Transcribe the entries below word for word, beginning at the line with "Copper Centipede Sculpture 3 small" and stopping after the line with "Máy bơm nước"; drop all pictures.

Source material -
== Segment start ==

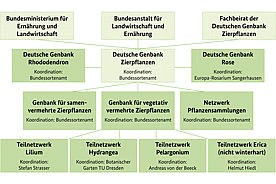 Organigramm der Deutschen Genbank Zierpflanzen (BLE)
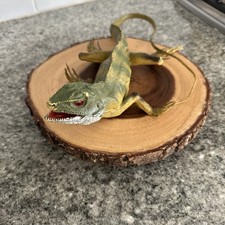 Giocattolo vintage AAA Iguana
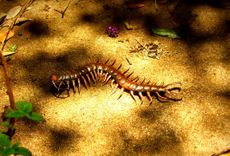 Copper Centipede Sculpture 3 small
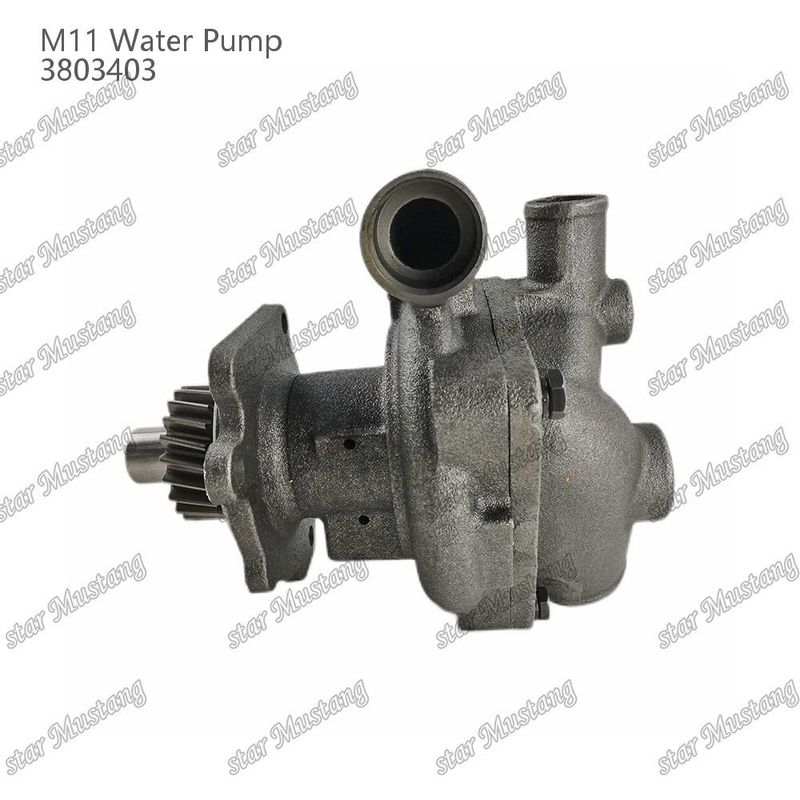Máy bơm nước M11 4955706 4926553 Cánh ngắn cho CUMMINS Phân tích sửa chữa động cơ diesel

== Segment end ==
== Segment start ==

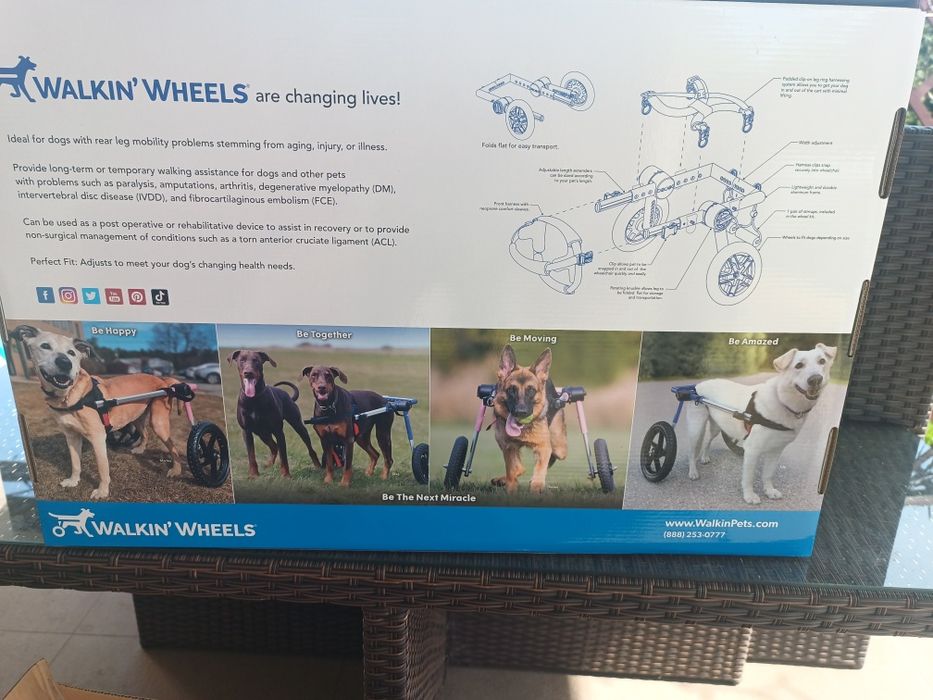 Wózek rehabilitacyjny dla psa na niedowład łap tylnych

== Segment end ==

Exercise solution -
 Copper Centipede Sculpture 3 small
Máy bơm nước M11 4955706 4926553 Cánh ngắn cho CUMMINS Phân tích sửa chữa động cơ diesel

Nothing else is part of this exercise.